Toen kwam het liedje “A hundred thousand Angels” en ik voelde dat Natalie een engel is. Net als mijn geweldige GGZ behandelaar, mijn man, mijn kinderen, mijn ouders, mijn vriendinnen en familie, mijn oude paard en mijn hond, iedereen om me heen en iedereen die me helpt groeien in dit leven is een engel.
Een engel
Maar de grootste openbaring was dat ikzélf óók een engel ben. Ik heb mezelf gered uit dat kleedhokje. De kleine Roos en ook de volwassen Roos.
Ik draag dat kleine meisje bij me. In me. Ze is een deel van mij en zal dat altijd blijven. En wat andere mensen ook zullen zeggen of doen. Het maakt niet uit, want hier bij mij is ze helemaal veilig. Samen kunnen we rouwen om wat er is gebeurd. Samen kunnen we het verwerken. In het hier en nu. Waar alles goed en veilig is. Want we zijn uit het kleedhokje.

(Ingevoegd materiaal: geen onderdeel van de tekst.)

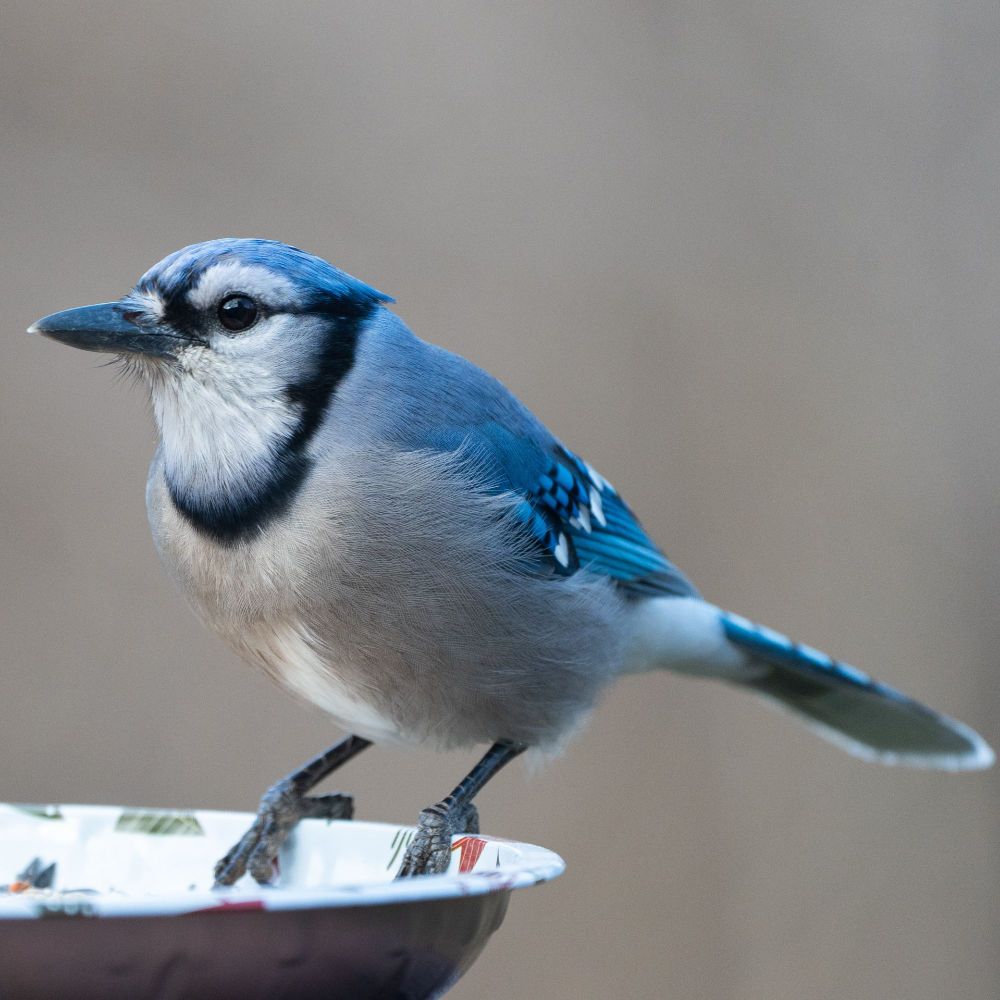 A blue jay 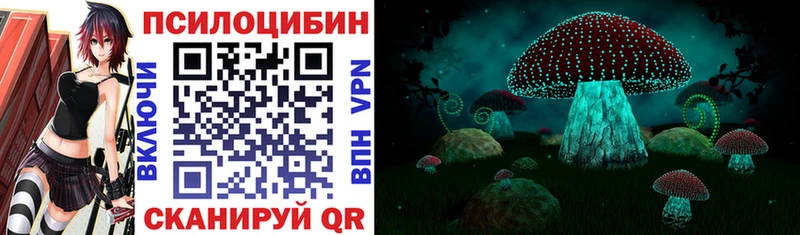 Купить закладки  Новый Оскол  Галлюциногенные грибы Cubensis 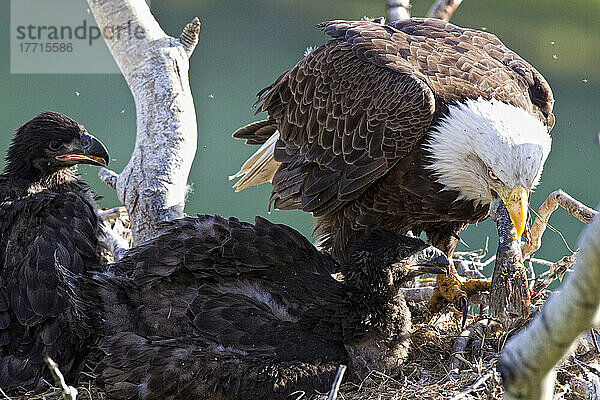 Ausgewachsener Weißkopfseeadler frisst den Schwanz eines Fisches  während die Küken zusehen; Whitehorse  Yukon  Kanada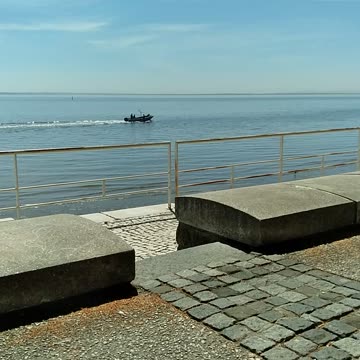 No semen on the poop deck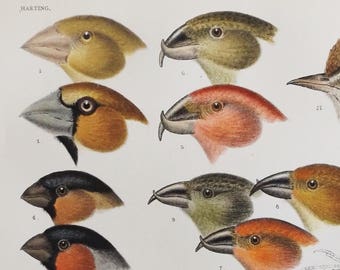 1901 Scarce Antique Chromolithograph of Drawings by Hermann Schlegel Finches; Crossbill; Larks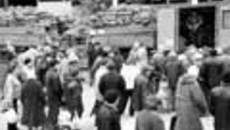 197-59.jpg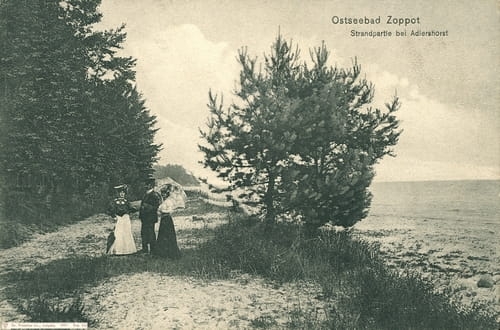 nowe-10072.jpg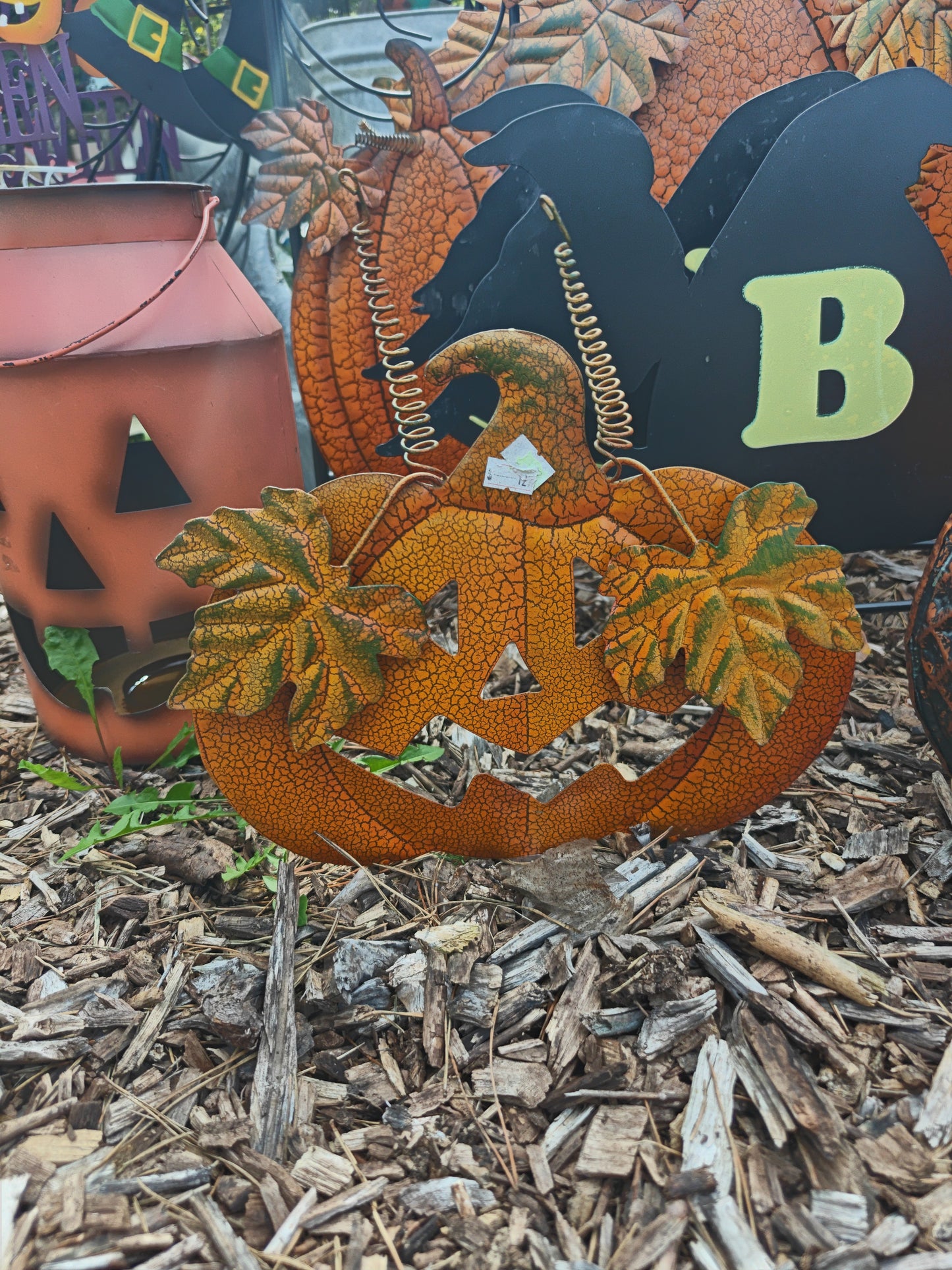 Small Jack Pumpkin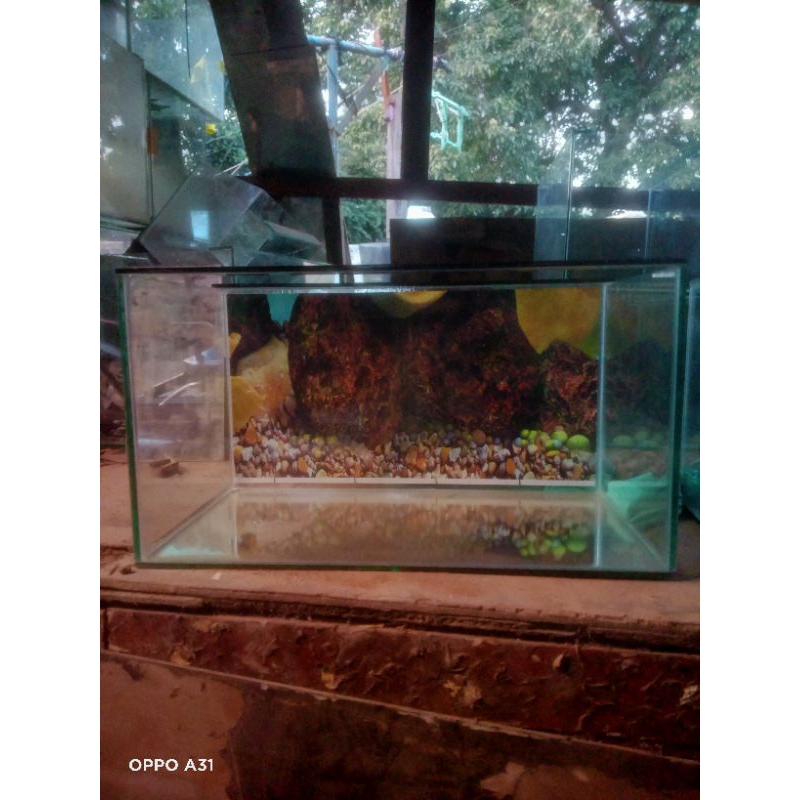 Aquarium45x25x25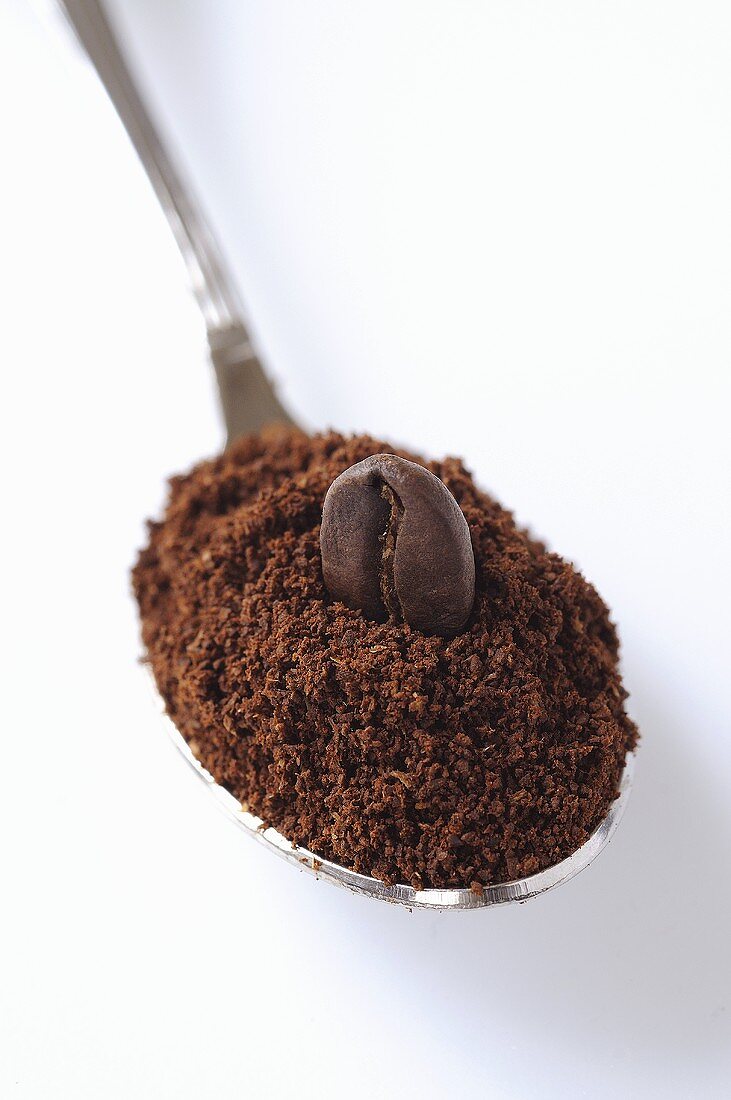 A spoonful of ground coffee with coffee bean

Ineens voel ik me niet meer onveilig, eenzaam en verlaten. Ik voel me vol vertrouwen. Ik voel me de oervrouw waar Natalie het altijd over heeft, maar die ik nog nooit zo had kunnen ervaren. Het kleine meisje voelt zich ook niet meer onveilig, angstig en verlaten. Ze vertrouwt op mij. En ik vertrouw op mezelf.
De reddende engel die ik altijd zocht, blijk ik zelf te zijn.